## TASK
Before copying, find the line below that contains "A Line Schuhregal"; then return it and all later lines exactly, up to and including the final line, with no pictures.

DATA SHOWN START

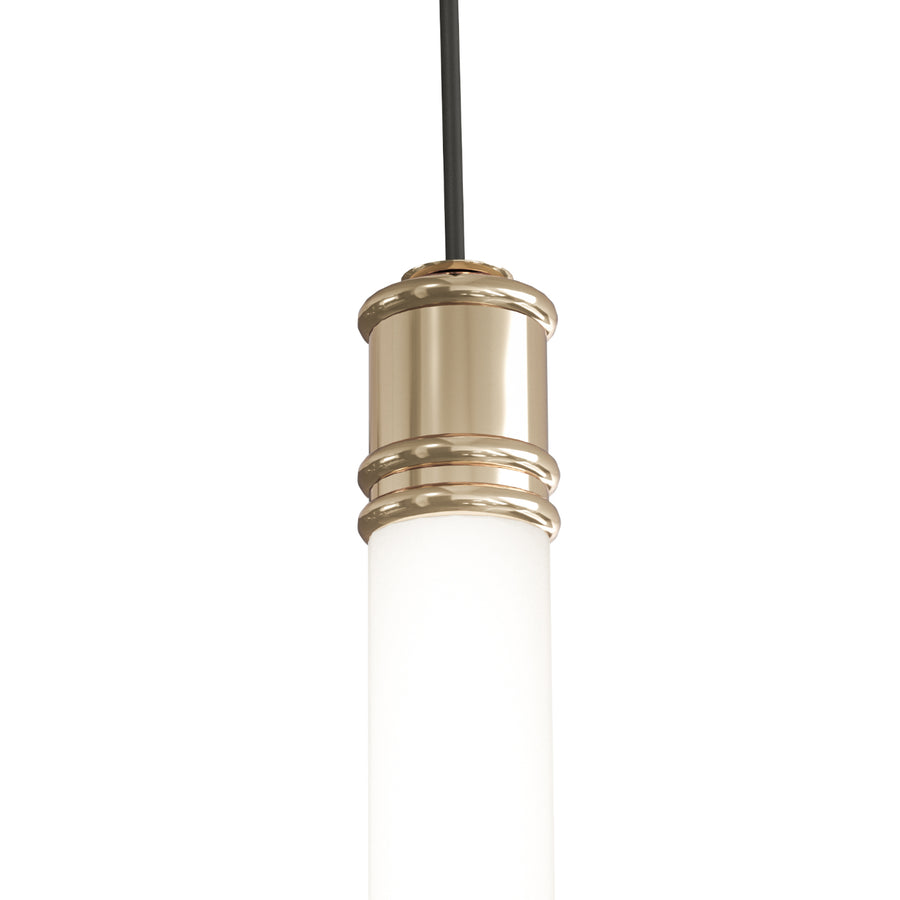 Suspension LED Omi I, verre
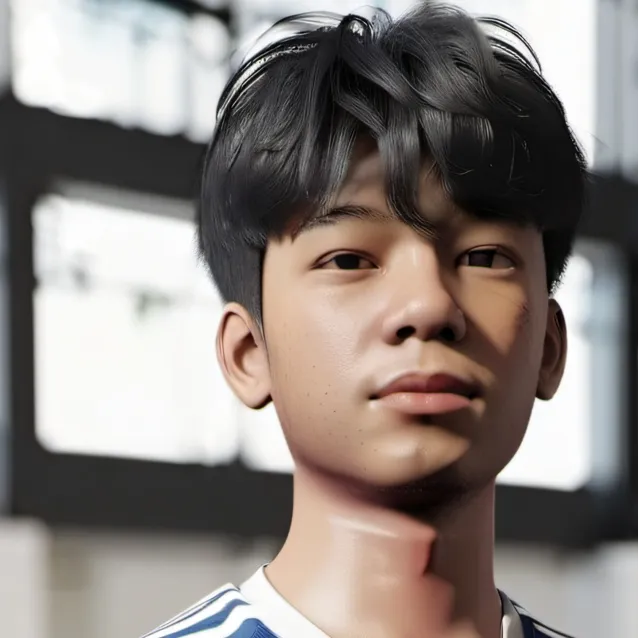 chat with ai character: kyle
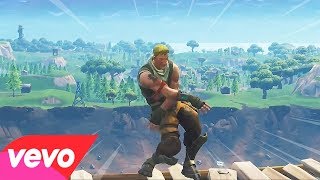 The Blockparty amp Esko  HUTS FORTNITE PARODY [upl. by Noir]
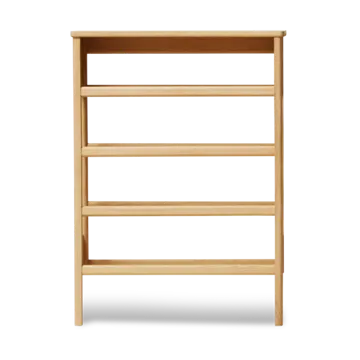 A Line Schuhregal 72x100 cm - Eiche - Form & Refine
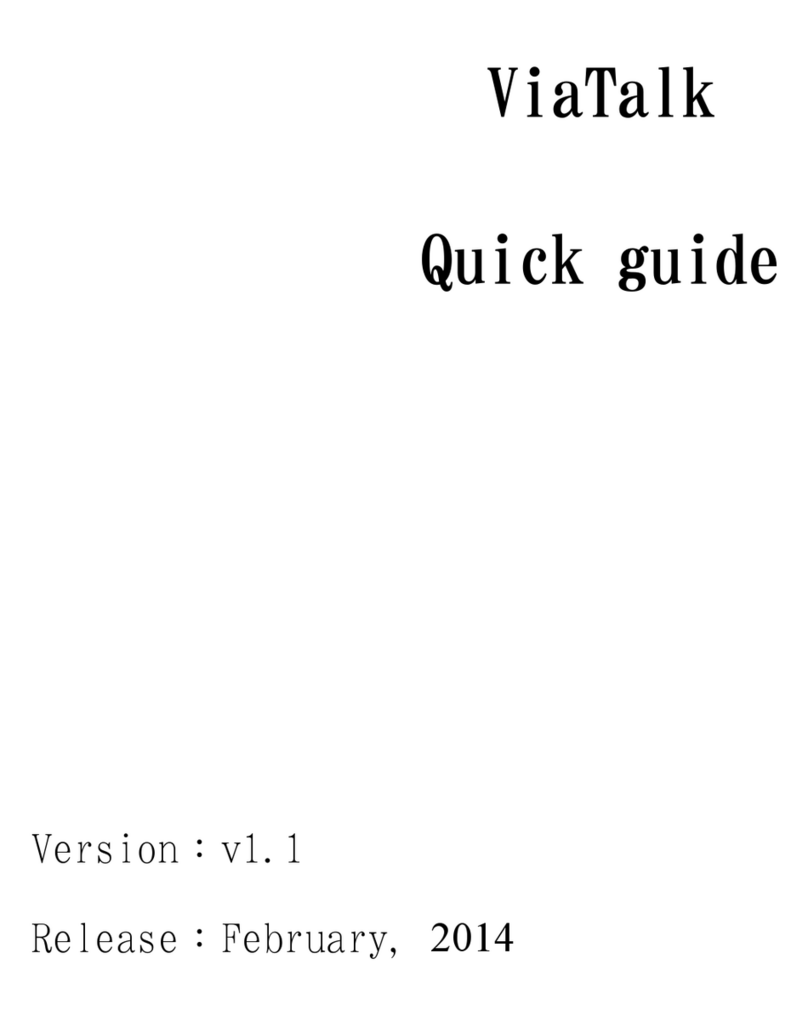 Penpower ViaTalk User manual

DATA SHOWN END

## TASK ANSWER
 A Line Schuhregal 72x100 cm - Eiche - Form & Refine
 Penpower ViaTalk User manual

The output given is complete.